We moved to Baltimore in 2004, a couple of months before a local star named Michael Phelps entered into the international consciousness by winning six gold medals in Athens.
Virtually everyone we knew during the two years we lived there belonged to a swim club. That wasn't inspired by Phelps. It's what people had always done there during the summers.
So we joined one. It wasn't the North Baltimore Aquatic Club, the Yankee Stadium of local swim clubs, where Phelps was a member. Ours was on the south side. It wasn't as exclusive as some, but it was surrounded by a fence, and a pass was required to enter.

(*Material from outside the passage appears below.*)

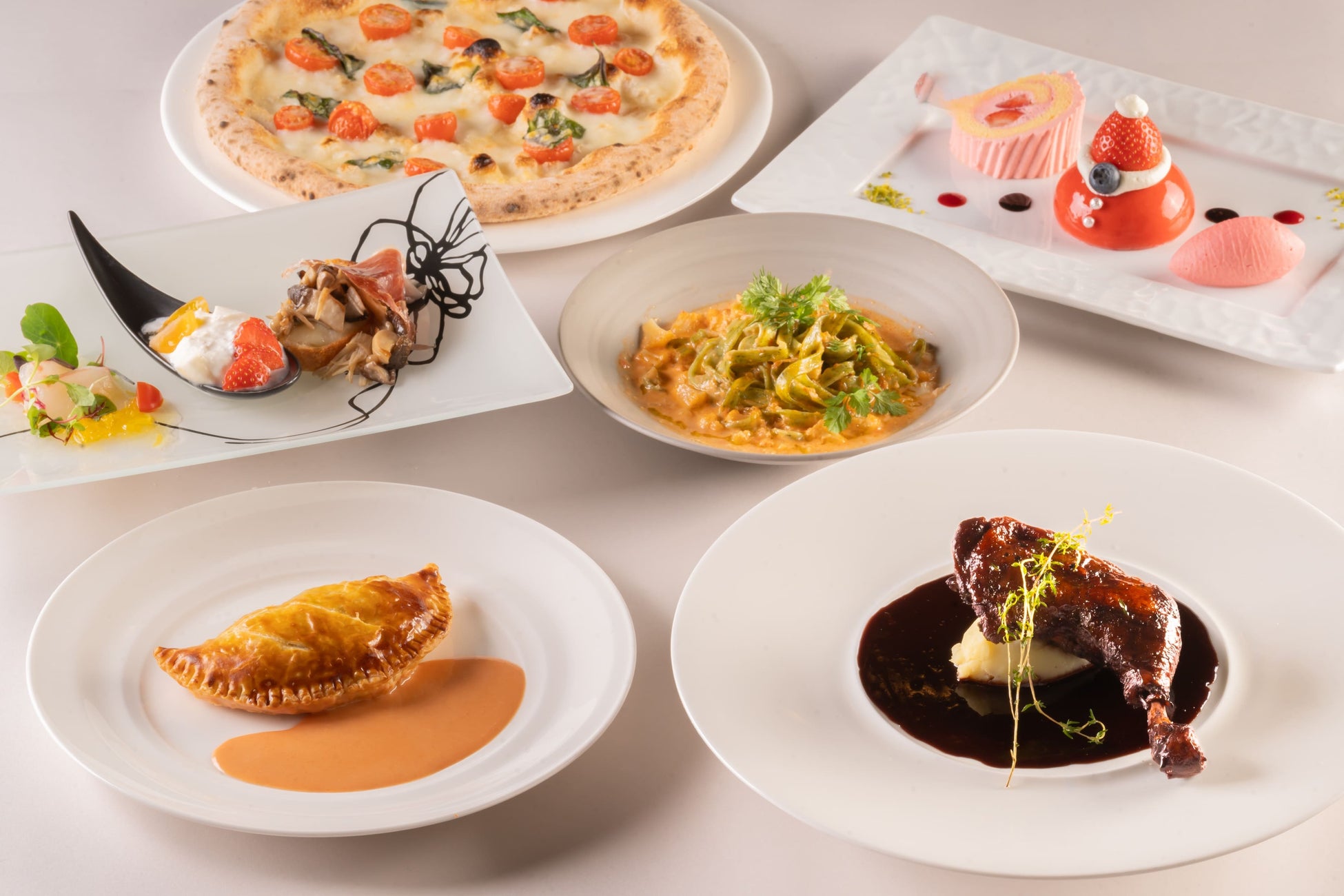 並~特盛が同一価格 ”未知の新業態”『鉄鍋焼きスパ ”ゲッティ”』が登場!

Outside the fence was a predominantly African-American neighborhood. I could only guess what the children from that neighborhood were thinking as they cooled off in the sweltering heat with water hoses while predominantly white children were swimming in an Olympic-sized pool.
Anyone who ever watched "The Wire" knows Baltimore, like most cities, has racial tensions. I never got the impression our fellow club members were racist. The issue was economic. Some could afford to join the club, and some couldn't.
I bring this up because of a provocative column this week by Tim Sullivan in the Louisville Courier-Journal discussing whether Phelps is the greatest Olympian of all time. Sullivan questioned Phelps' legitimacy as the G.O.A.T. because virtually all of his opponents his entire life had virtually the same pigmentation as he does.
He called Phelps and competitors "members of the chlorinated upper middle class."
Phelps' family, like many others involved in swimming, isn't upper middle class. That, however, doesn't detract from Sullivan's observation. If you agree with him - and there's no judge here to deduct points if you don't, because Phelps has the medals to back you up - then who is the greatest Summer Olympian ever?
Boycott hurt Lewis
Carl Lewis? He duplicated Jesse Owens' achievements by winning gold medals in the 100 meters, the 200, the long jump and the 400 relay in 1984, then went on to win the 100 once more and the long jump three more times. He might have won more medals if not for the U.S.-led boycott of the 1980 Moscow Games that prevented him from competing in five Olympics.
But what if professionals had been allowed into the Olympics while Owens was still competing and he continued beyond 1936 instead of returning from Berlin to run exhibitions against horses because he needed the money?
Would Mark Spitz have continued to be as dominant as he was when he won seven gold medals in Munich if he hadn't had to come home to embark upon a show business career? He was a mere 22 when he retired.
If the decathlon identifies the world's greatest male athlete, the heptathlon winner should be known as the world's greatest female athlete. Would Jackie Joyner-Kersee have won the heptathlon more than twice if she weren't such a relentless competitor that she also insisted on becoming the world's best woman long jumper?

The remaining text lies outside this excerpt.